Au final, nous n'en savons pas beaucoup plus. Comme la date des décrets, le coût total de l'Hadopi (le chiffre de 5 millions a été avancé, mais il ne tient pas compte de la participation des FAI) ou encore la date du premier internaute déconnecté.
On imagine cependant qu'avec des mails censés partir avant la fin de l'été, la Haute Autorité voudra sans doute faire un exemple avant la fin de l'année, mais les délais seront excessivement serrés. Malgré tout, les déclarations parfois évasives du ministre, appelant parfois ses conseillers à la rescousse, nous donnent toujours l'impression que le gouvernement navigue à vue sur ce dossier.
L'Hadopi a présenté son logo à l'occasion de son lancement officiel vendredi dernier. Bémol, la Haute autorité pour la diffusion des œuvres et la protection des droits sur internet aurait justement violé des droits en utilisant sans autorisation une typographie, nommée Bienvenue. C'est son concepteur lui-même, Jean-Baptiste Levée, qui a découvert le pot au rose et révélé l'affaire sur Twitter. Il y explique que l'usage de cette typographie exclusive est réservé à France Télécom et à ses filiales, et qu'elle ne peut être utilisée par un tiers.
L'erreur de manipulation à gauche, la variante rectifiée à droite.
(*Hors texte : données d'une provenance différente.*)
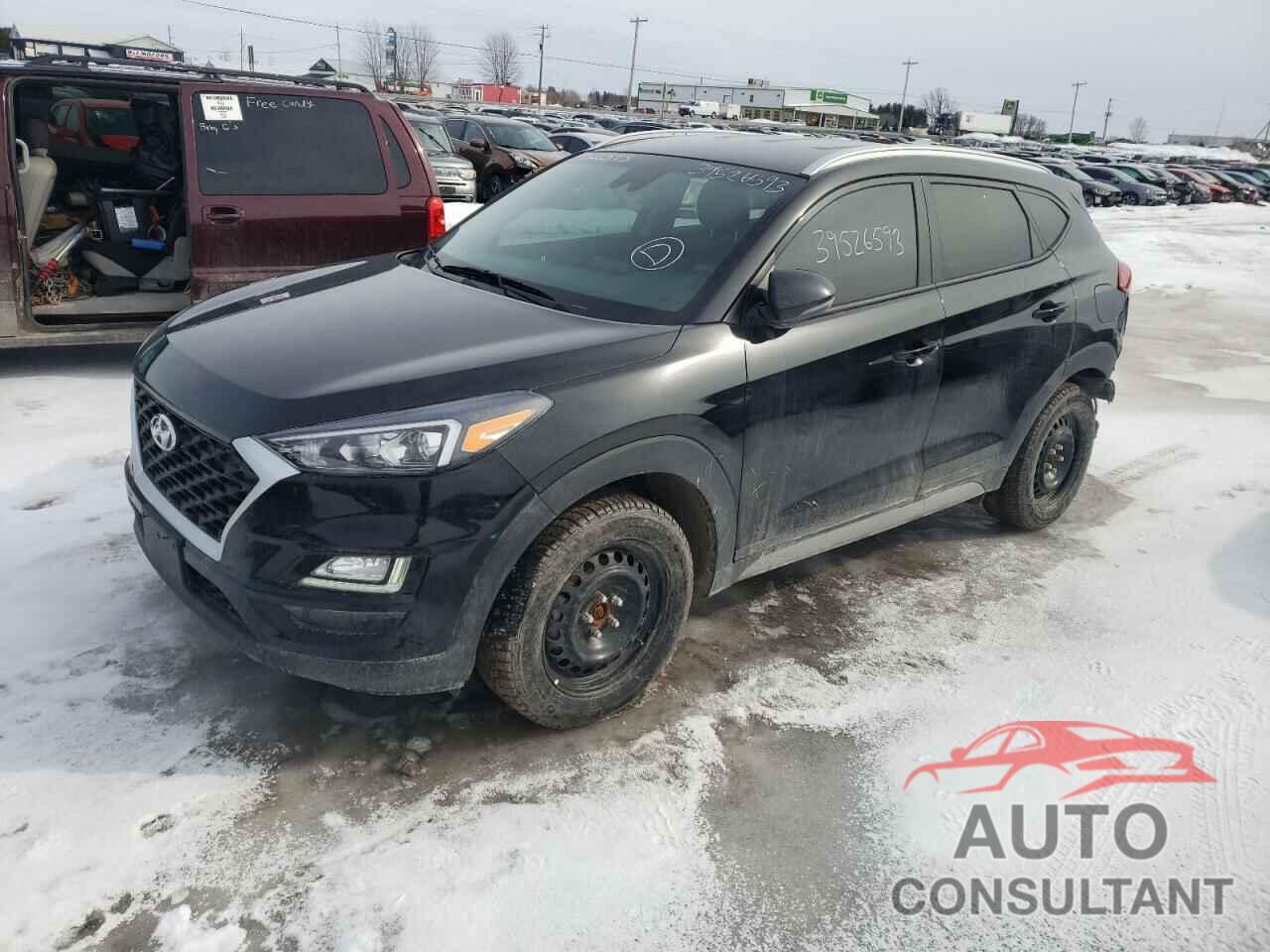 HYUNDAI TUCSON 2021 - KM8J3CA46MU321937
Face au tollé qu'a provoqué cette affaire, l'agence de graphisme en charge du logo, Plan Créatif, a reconnu « une erreur de manipulation », et immédiatement publié une variante rectifiée. D'après un porte-parole de l'agence, c'est « une esquisse de logotype qui avait été écartée lors des phases traditionnelles de vérification de similitude (qui) a été malencontreusement présentée comme solution graphique définitive ». Reste que la marque a été déposée avec la version illicite du logo.